Все эти заигрывания с актуалочкой «До февраля» (и, надо понимать, что это до февраля 2022, поэтому у читателя ассоциативный ряд работать будет), все эти «Войны бывают потому, что кто-то хочет убивать и может убивать. Все. Остальное несущественно», все эти «Если хорошие убьют всех плохих, то останутся одни убийцы» - активно, по несколько раз педалируемое, проталкиваемое, демонстративно акцентированное, вложенное в уста протагонистки Анечки («за мир во всём мире», «не убий» и вотэтовотвсё) – это такая очень хитрожопая попытка и газ спустить, и чтобы не пахло. Либеральная гуманитарщина уровня вконтактика. Такая... дышащая «духами и туманами».
Я очень хорошо думаю про Шамиля Идиатуллина как про писателя: он мастерски владеет словом, и читать его тексты – услада для глаз. Именно поэтому я убеждена: автору достаточно было сказать три слова кем угодно, чтобы развеять этот аморфный воздушный флер борьбы с ветряными мельницами и обозначить свою гражданскую позицию. И не важно какую именно! Будь человек убежденным «стопвойнистом» или «ватником» - правда, не важно. Это было бы правильно, потому что было бы честно. Тут же по факту получилось немного ссыкливое «сами придумайте, что хотите, а я всё сказал, что хотел».
Я понимаю пути отхода и знаю, как обернуть эту ситуацию и эти слова куда угодно: именно этим удобен образ Змея, который можно зеркалить в любую сторону, именно этим удобны фразы, которым можно приписывать любой смысл. И проблема именно в этом – автор оставил лазейку для создания этого самого Зазеркалья. Которое всегда, в уж нынче – особенно, дурно попахивает.
И если уж автор решил говорить на такие очень непростые гуманистические антивоенные темы, примерив плащик Цвейга или Ремарка, то прятаться за недосказанность и угадайку – ну, такое себе. Потому что рано или поздно придет кто-то и повертит пуговку: Автор, а вы любые войны считаете уделом маньяков-социопатов?
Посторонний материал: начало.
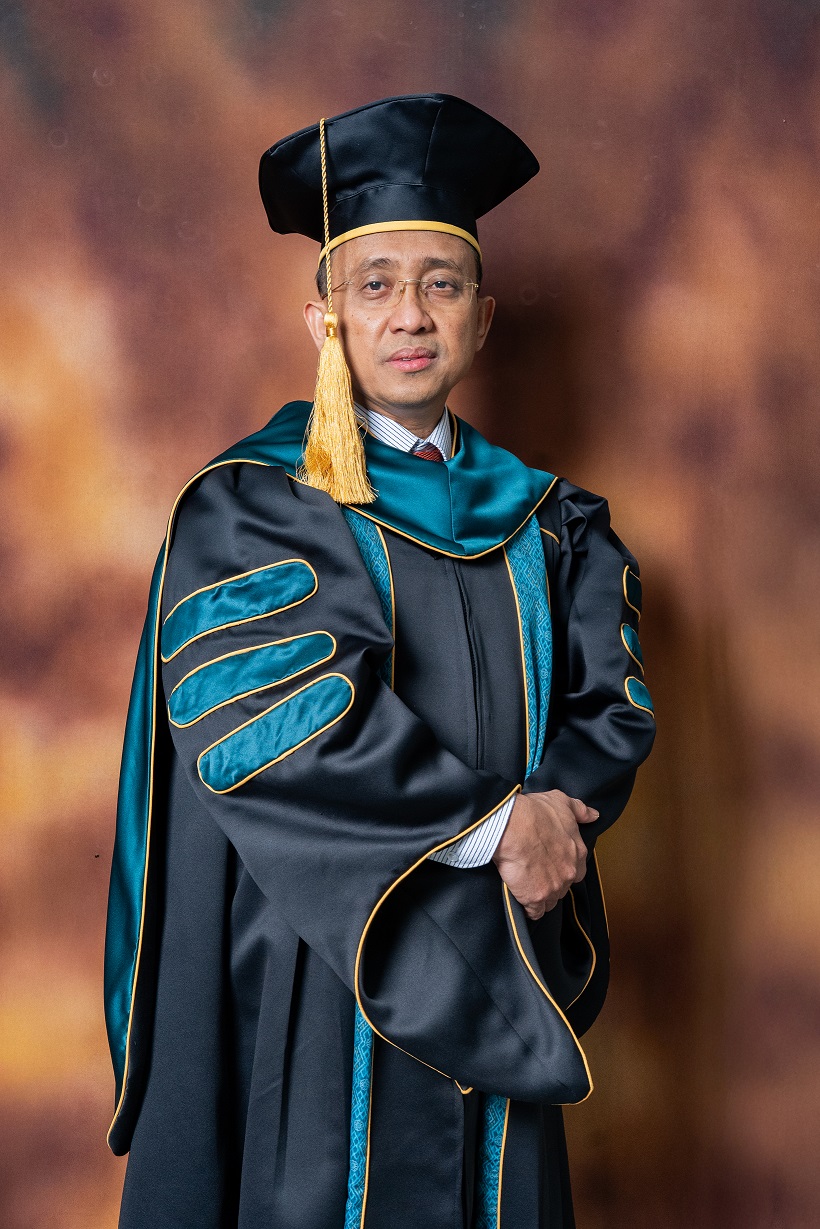 Prof. Dr. Suwendi, M (2)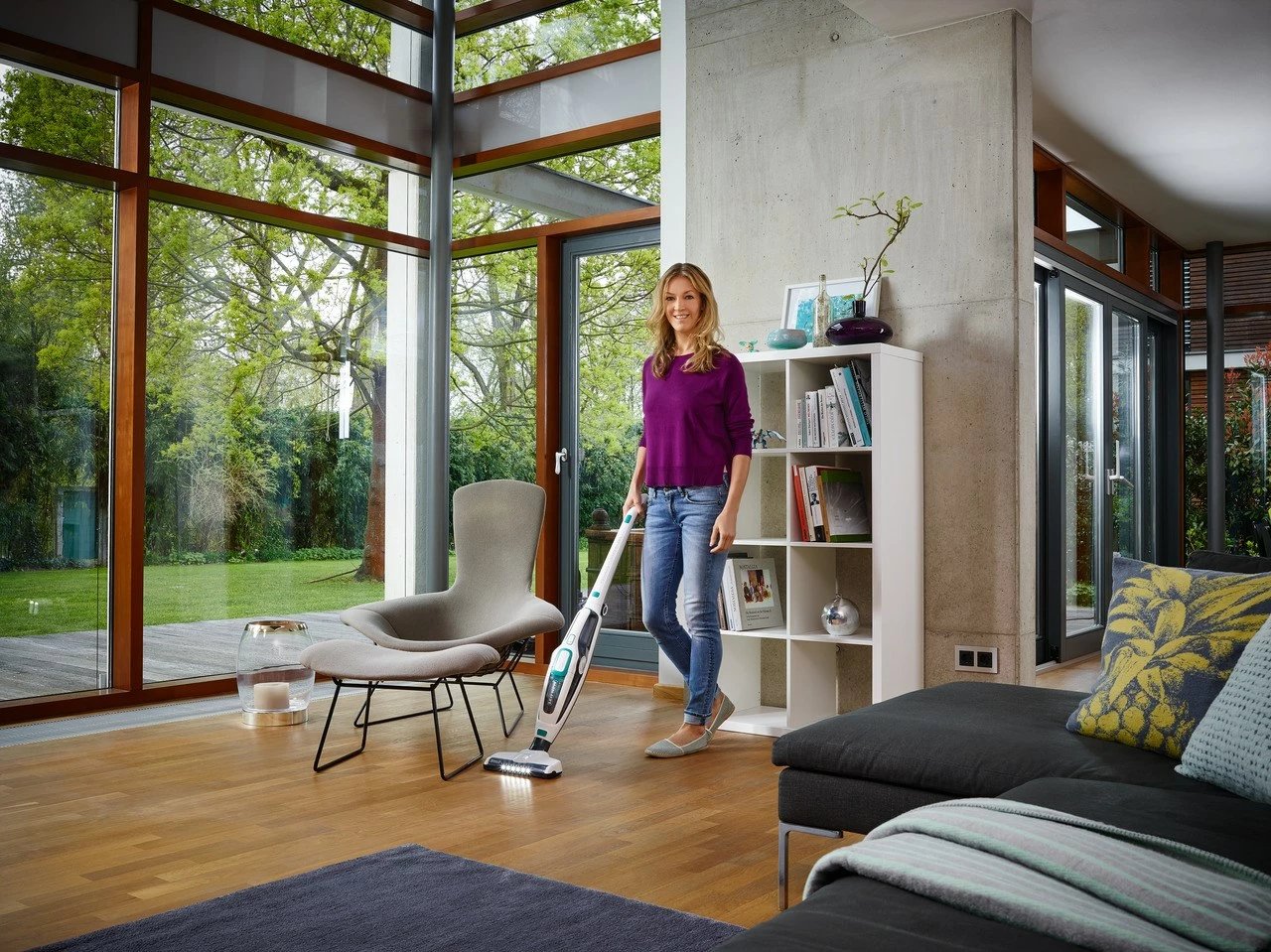 Fshesë elektrike pa kabllo Leifheit PowerVac 2in1, 20V, pa qese, bardhë/kaltër Fshesë elektrike pa kabllo Leifheit PowerVac 2in1, 20V, pa qese, bardhë/kaltër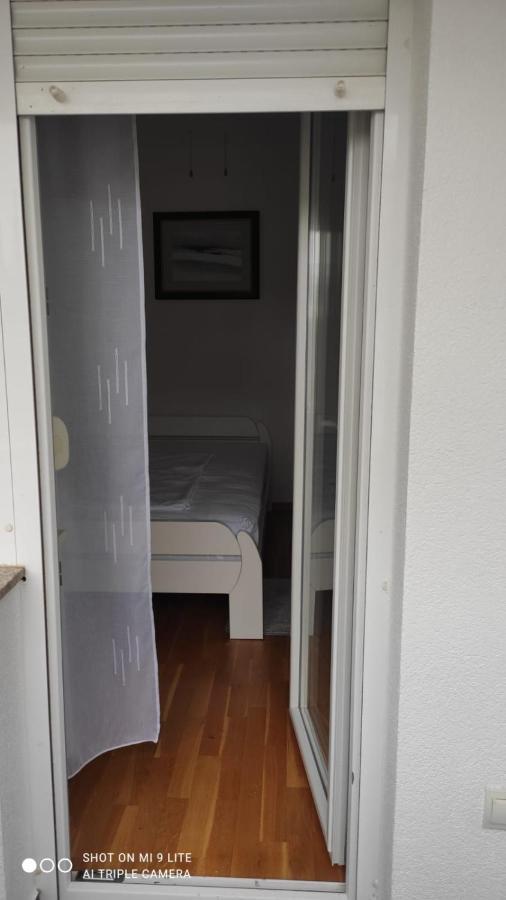Apartmani Gavran Pirovac Kültér fotó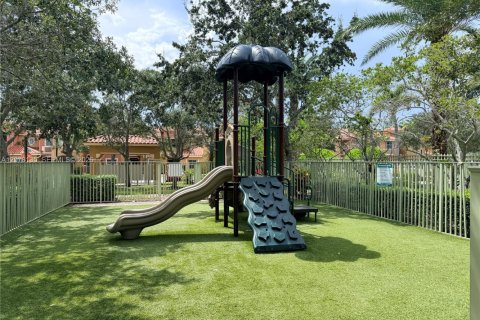 Touwnhouse à louer à Pembroke Pines, Floride: 3 chambres, 129.69 m2 № 2326832 - photo 23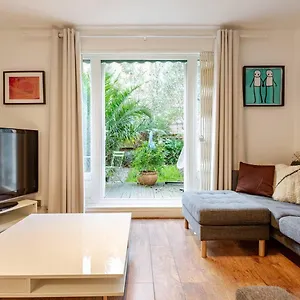 Apartment Charming 2-bed Garden Flat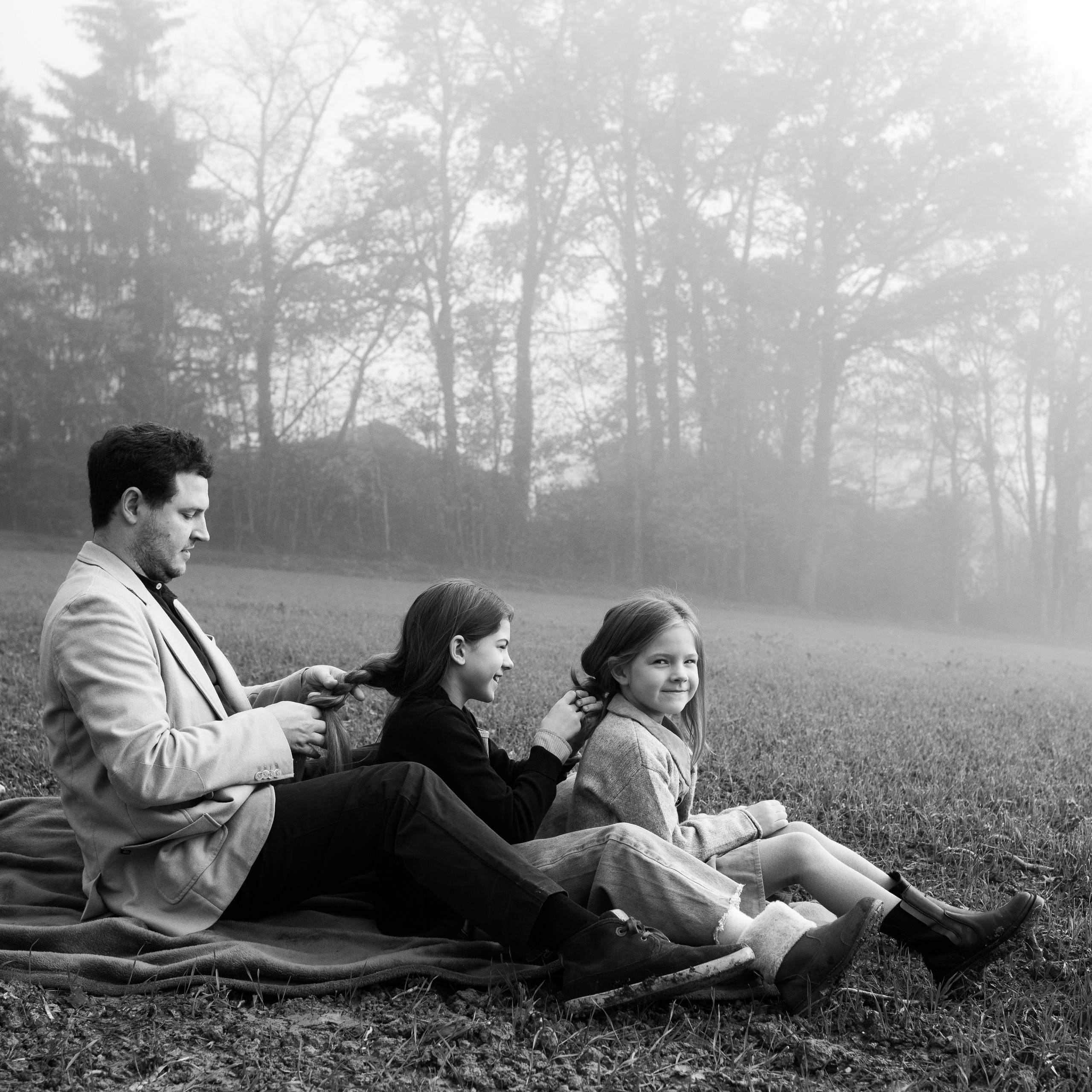 Father and Daughters. Family photographer in Geneva Switzerland Anastasiia Francuzova. Семей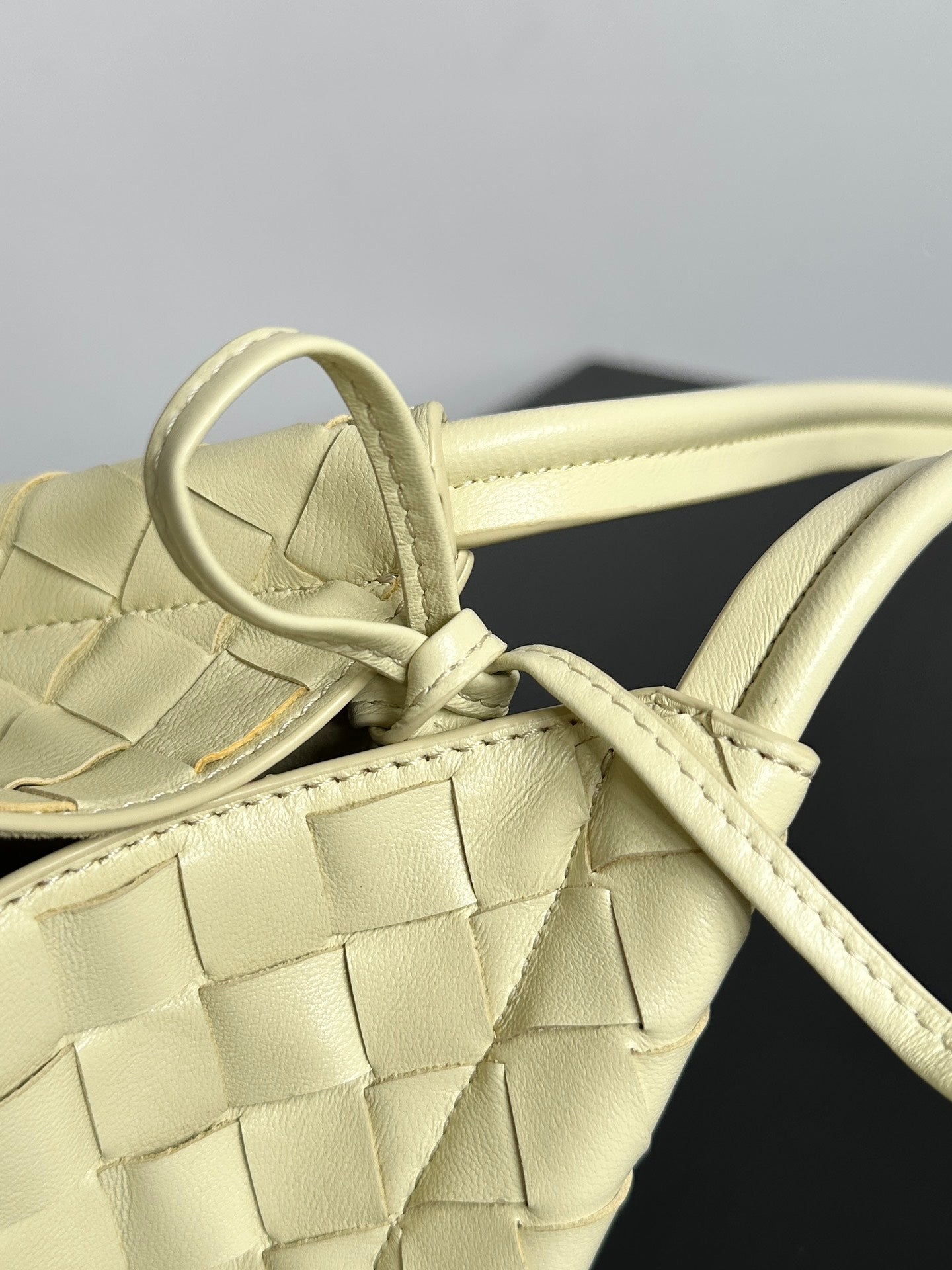 Bottega Veneta BV 740898VCPP19092 Small Solstice Yellow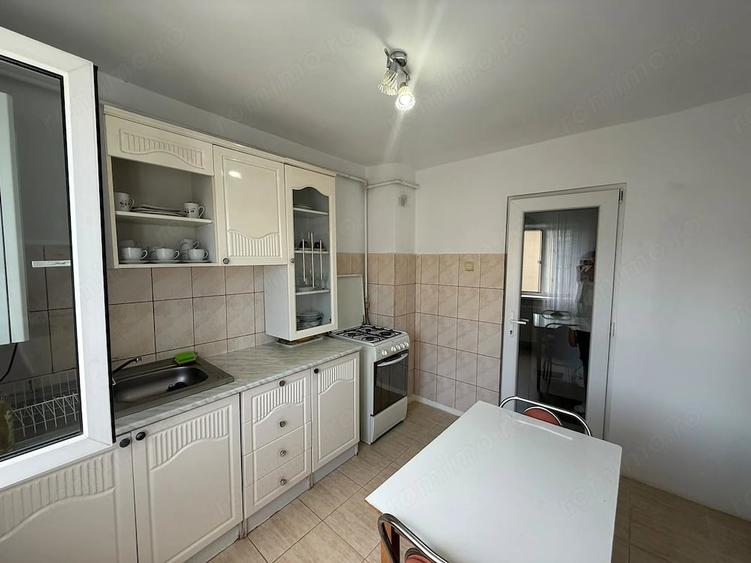 Apartament cu 2 camere semidecomandat în Gojdu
И освободительные тоже? И правда ли Вы думаете, что в октябре 45 года в СССР остались одни убийцы? Или «это другое»?
Поэтому для меня это оказалась по факту очень хорошо написанная глубокая книга с посредственным послевкусием. Её надо оценивать не по 10-бальной системе, а по Шкале Апгар))) 10/5
Уже позже я прочитала, что изд-во "Редакция Елены Шубиной - тот ещё рассадник "зулейх". Так что теперь буду с книгами этого "оплота добра" осторожнее.